Lithophanes are artistic, unique collectible
A lithophane is a wonderful trick the art world has perfected into magical images. Outwardly, they appear to be a lovely design carved on porcelain or stoneware, however when held to a light source they become a three dimensional presentation. By using varying thickness in the carving, the light shines brighter in some areas than others thus enhancing the artist's rendition of the subject.
It is believed lithophanes had their roots in China, however the perfected product we now celebrate was developed by the Parisian Baron Paul de Bourgoing in 1827. Under a light source craftspeople would first carve a wax image on a glass plate. Then a gypsum or metal mold was made from the wax carving and from there porcelain casts were created and fired.
From Paris the process of making lithophanes spread across Europe and into Asia. The images became quite the rage between 1834 and 1860 and found their way into all manner of chinaware. They appeared as lampshades, candlesticks, beer mugs and teacups as well as the framed picture. One of the more notable images can often be found in 20th Century Japanese tea sets. As one finishes tea and upends the cup an image of perhaps a Geisha girl will appear.
Lithophanes still are being made today.

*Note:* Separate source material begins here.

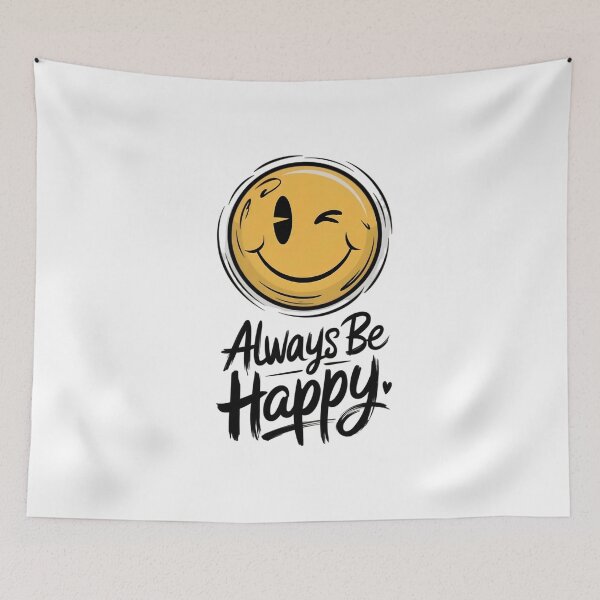 Item preview, Always Be Happy Smiley Face Inspirational Positive Quote designed and sold by Kruti Collection.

You can even purchase one from Amazon, however if the antique is your passion you will pay a lot more. What might be a good alternative is to visit the Blair Museum in Toledo, Ohio. This museum houses one of the finest collections of Lithophanes in the world. The museum is the result of a wealthy businessman becoming enamored with lithophanes and accumulating an extensive collection. Upon his death he left the collection to the city of Toledo who made it part of the Toledo Botanical Garden.

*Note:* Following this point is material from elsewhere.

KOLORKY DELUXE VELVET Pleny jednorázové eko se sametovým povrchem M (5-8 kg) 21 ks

Dr. Margaret Carney, a curator of the Blair collection, has penned one of the first books on the topic and it might be worth someone's time if they wanted to further explore the topic. Also a visit to the Blair Museum's Website can be most informative. These are lovely pieces of art, and you might even have one and don't know it. To confirm a suspected piece just hold it to the light and see if a deeper image shines through.
Jean McClelland writes about antiques for The Herald-Dispatch.